This time capsule of the unpublished work of famous writers will grow in Norway for a century. What does it tell us about the Anthropocene?

Future Library can also challenge other facets of life in Norway. For example, Norwegians are known for their keen sense of allemannsretten, or the right of all men to access nature. It is an illustrated belief in art and in law, from the sculptor’s works from the early 20th century Gustav Vigeland ‘right to roam’ codes that grant everyone the right to roam on all uncultivated land, including privately owned land. But such unbridled access to nature can end up posing challenges for Future Library. Already, the grove appears to be at capacity for the annual handover ceremony and organizers are unable to restrict access to a public forest. For now, the best alternative is to stream the event live from your home.
Yet Future Library is structured around this sense of scarcity and the longing it engenders. For some, creating a library for future generations is a source of frustration. As one viewer put it, the project looks less like giving something for the future detention something people alive today. But for others, it’s the part of Future Library that has the most appeal. “It’s not all for us to consume now,” Dangarembga, the Zimbabwean novelist, told a crowd at the downtown public library. Growing up between South East Africa and England, “exclusion is so normal for me,” she explained. For citizens of the Northern Hemisphere, who accumulate wealth and power at the expense of the planet itself, Future Library may offer a long-awaited lesson.

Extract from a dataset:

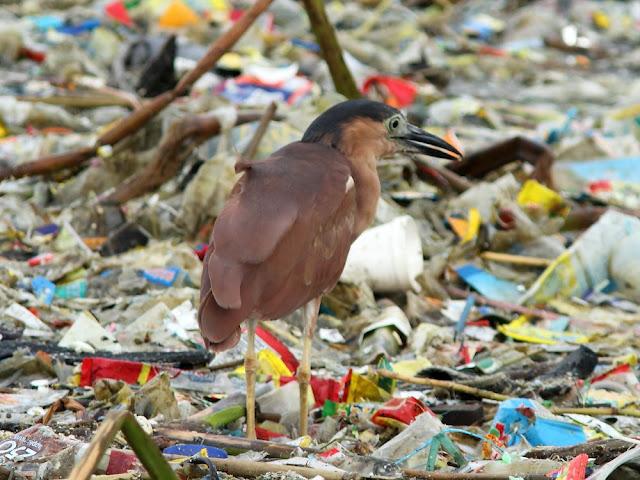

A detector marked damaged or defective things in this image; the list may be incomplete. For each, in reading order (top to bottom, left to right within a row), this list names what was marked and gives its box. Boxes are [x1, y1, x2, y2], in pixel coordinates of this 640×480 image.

On the eve of the 2022 handover ceremony, Paterson and two former Future Library contributors gathered at the edge of a windy rock along the Oslofjord to discuss the weather, in particular how the pandemic in changed their perception. For Paterson, the weather opened up in lockdown, allowing her to redouble her artistic efforts, she told the crowd, as the wind shook the blossoms of a nearby chestnut tree. For Icelandic poet Sjón, who writes his books, including his 2017 submission to the Future Library, in an old fisherman’s house, time has practically disappeared. And the British novelist David Mitchell, notably the author of cloud atlas, who submitted his work Future Library in 2016, found he was living in a “temporal sandwich”, suspended between what has happened and what will happen.